With more than 33% of the ASEAN GDP, Indonesia is a key emerging market in Southeast Asia with remarkable growth rates and a burgeoning middle class. The archipelago is the 4th most populous and the 10th largest economy in the world on a Purchasing Power Parity (PPP) basis, with an important say in international economic fora such as the WTO and G20. The Indonesian economy has more than tripled its size in the last decade, and GDP growth in 2017 was 5.2%. Throughout 2017, Indonesia’s economy has regained a recovery momentum and macroeconomic stability has been maintained. Foreign direct investment into Indonesia grew steadily by 8.4% in 2017.
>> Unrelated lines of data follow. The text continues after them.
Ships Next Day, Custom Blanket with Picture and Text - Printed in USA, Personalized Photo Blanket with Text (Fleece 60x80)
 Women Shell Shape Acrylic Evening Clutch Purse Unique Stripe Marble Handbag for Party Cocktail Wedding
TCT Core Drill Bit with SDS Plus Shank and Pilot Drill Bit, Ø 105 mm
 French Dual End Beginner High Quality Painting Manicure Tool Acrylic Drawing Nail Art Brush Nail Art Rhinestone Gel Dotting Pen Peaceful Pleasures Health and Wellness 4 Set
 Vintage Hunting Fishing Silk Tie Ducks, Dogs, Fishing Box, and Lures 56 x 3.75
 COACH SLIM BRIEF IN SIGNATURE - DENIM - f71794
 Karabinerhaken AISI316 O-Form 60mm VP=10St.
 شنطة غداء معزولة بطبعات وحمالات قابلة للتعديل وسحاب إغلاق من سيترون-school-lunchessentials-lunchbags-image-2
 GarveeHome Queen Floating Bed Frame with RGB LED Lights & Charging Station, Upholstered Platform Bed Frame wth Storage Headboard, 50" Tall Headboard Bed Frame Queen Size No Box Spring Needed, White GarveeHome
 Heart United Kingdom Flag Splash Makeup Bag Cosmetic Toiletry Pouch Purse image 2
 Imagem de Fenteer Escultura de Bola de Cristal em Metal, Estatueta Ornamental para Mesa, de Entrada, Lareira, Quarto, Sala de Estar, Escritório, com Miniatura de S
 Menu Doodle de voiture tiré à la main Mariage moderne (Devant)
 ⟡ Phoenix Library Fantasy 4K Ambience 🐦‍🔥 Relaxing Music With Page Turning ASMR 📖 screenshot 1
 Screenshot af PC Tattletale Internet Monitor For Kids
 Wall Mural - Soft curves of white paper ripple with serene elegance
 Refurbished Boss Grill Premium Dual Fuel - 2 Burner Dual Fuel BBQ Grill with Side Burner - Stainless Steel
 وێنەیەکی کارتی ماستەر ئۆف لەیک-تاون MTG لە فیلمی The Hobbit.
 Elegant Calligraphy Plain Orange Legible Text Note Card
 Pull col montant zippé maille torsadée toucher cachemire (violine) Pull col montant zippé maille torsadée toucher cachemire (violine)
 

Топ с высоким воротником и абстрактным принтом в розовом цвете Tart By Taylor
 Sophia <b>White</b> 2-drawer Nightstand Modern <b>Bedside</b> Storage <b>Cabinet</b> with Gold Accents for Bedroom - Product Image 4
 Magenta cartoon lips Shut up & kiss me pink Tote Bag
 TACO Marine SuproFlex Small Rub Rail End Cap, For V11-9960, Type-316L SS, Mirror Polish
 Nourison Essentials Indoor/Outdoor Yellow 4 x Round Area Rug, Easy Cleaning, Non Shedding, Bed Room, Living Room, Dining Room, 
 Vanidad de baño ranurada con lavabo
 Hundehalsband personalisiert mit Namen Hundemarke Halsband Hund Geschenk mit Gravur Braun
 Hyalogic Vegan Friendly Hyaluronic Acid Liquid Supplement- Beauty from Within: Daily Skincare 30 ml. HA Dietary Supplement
With Indonesia’s burgeouing middle class potential, and household consumption accounting for 55% of GDP, increased incomes provide a massive opportunity for businesses. Over 40% of the population lie below the age of 30, are digital natives and are giving rise to the ”demographic dividend”.
Starting from 2015, Indonesia released a number of policy reform packages and legislative changes intended to stimulate the Indonesian economy. The reforms initiated by President Joko Widodo focus on improving industrial competitiveness through reducing red tape and other practical measures aimed at improving ease of doing business in Indonesia. In the World Bank’s Ease of Doing Business 2018 edition, Indonesia ranks 72nd, jumping 19 positions from being 91st in last year’s ranking (#114 in 2014). The World Bank praised Indonesia and labelled it as the country that made the biggest improvements in business regulations among Asia Pacific nations since 2005.
Indonesia has the world’s fourth largest middle class and ranks 3rd place in the top 5 emerging markets with the best middles class potential. Between 135 and 170 million people will be join the consuming class by 2030, depending on the GDP growth rates. Indonesia is forecasted t0 become the 5th largest economy in the world by 2030.